I am designing a whatsapp like messenger application for the desktop using WPF and .Net. Now, when a user creates a group I want other members of the group to receive a notification that they were added to a group. My frontend is built in C#.Net, which is connected to a RESTful Webservice (Ruby on Rails). I am using Postgres for the database. I also have a Redis layer to cache my rails models.
I am considering the following options.
1) Use Postgres's inbuilt NOTIFY/LISTEN mechanism which the clients can subscribe to directly. I foresee two issues here
i) Postgres might not be able to handle 10000's of clients subscribed directly.
ii) There is no guarantee of delivery if the client is disconnected
2) Use Redis' Pub/Sub mechanism to which the clients can subscribe. I am still concerned with no guarantee of delivery here.
3) Use a messaging queue like RabbitMQ. The producer of this queue will be postgres which will push in messages through triggers. The consumer of-course will be the .Net clients.

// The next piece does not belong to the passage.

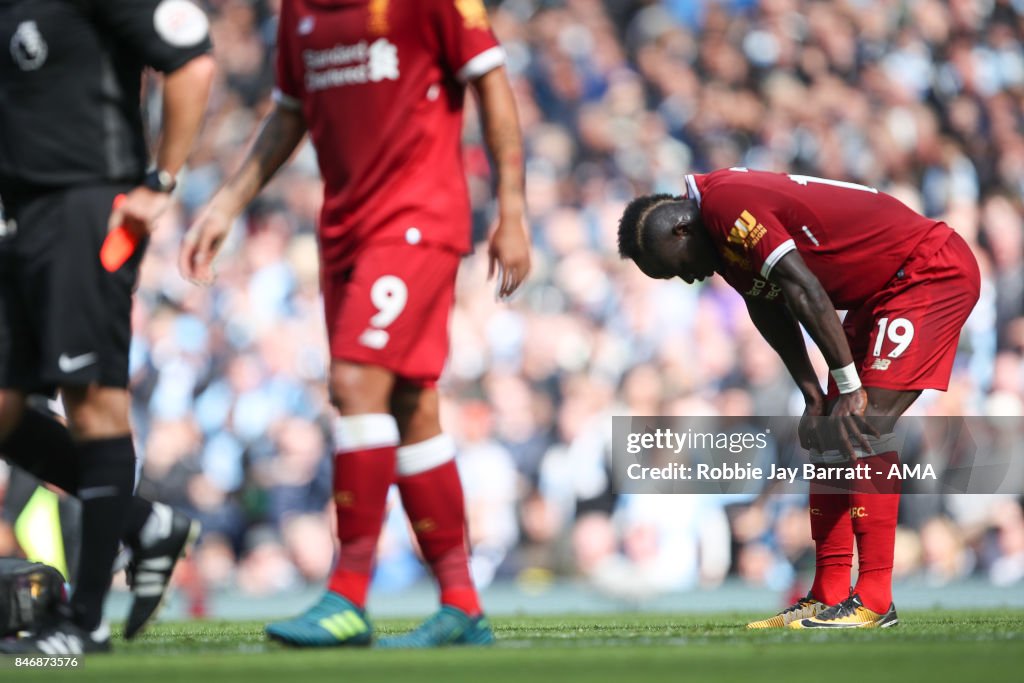 Manchester City v Liverpool - Premier League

So far, I am inclined to use the 3rd option.
Does anyone have any suggestions how to design this?
In an application like WhatsApp itself, the client running in your phone is an integral part of a large and complex event-based, distributed system.
Without more context, it would be impossible to point in the right direction. That said:
For option 1: You seem to imply that each client, as in a WhatsApp client, would directly (or through some web service) communicate with Postgres as an event bus, which is not sound and would not scale because you can only have ONE Postgres instance.
For option 2: You have the same problem that in option 1 with worse failure modes.
For option 3: RabbitMQ seems like a reasonable ally here. It is distributed in nature and scales well. As a matter of fact, it runs on erlang just as most of WhatsApp does. Using triggers inside Postgres to publish messages however does not make a lot of sense.
You need a message bus because you would have lots of updates to do in the background, not to directly connect your users to each other. As you said, clients can be offline.
Architecture is more about deferring decisions than taking them.
I suggest that you start simple. Build a small, monolithic, synchronous system first, pushing updates as persisted data to all the involved users. For example; In a group of n users, just write n records to a table. It is already complicated to reliably keep track of who has received and read what.
This heavy "group" updates can then be moved to long-running processes using RabbitMQ or the like, but a system with several thousand users can very well work without such thing, especially because a simple message from user A to user B would not need many writes.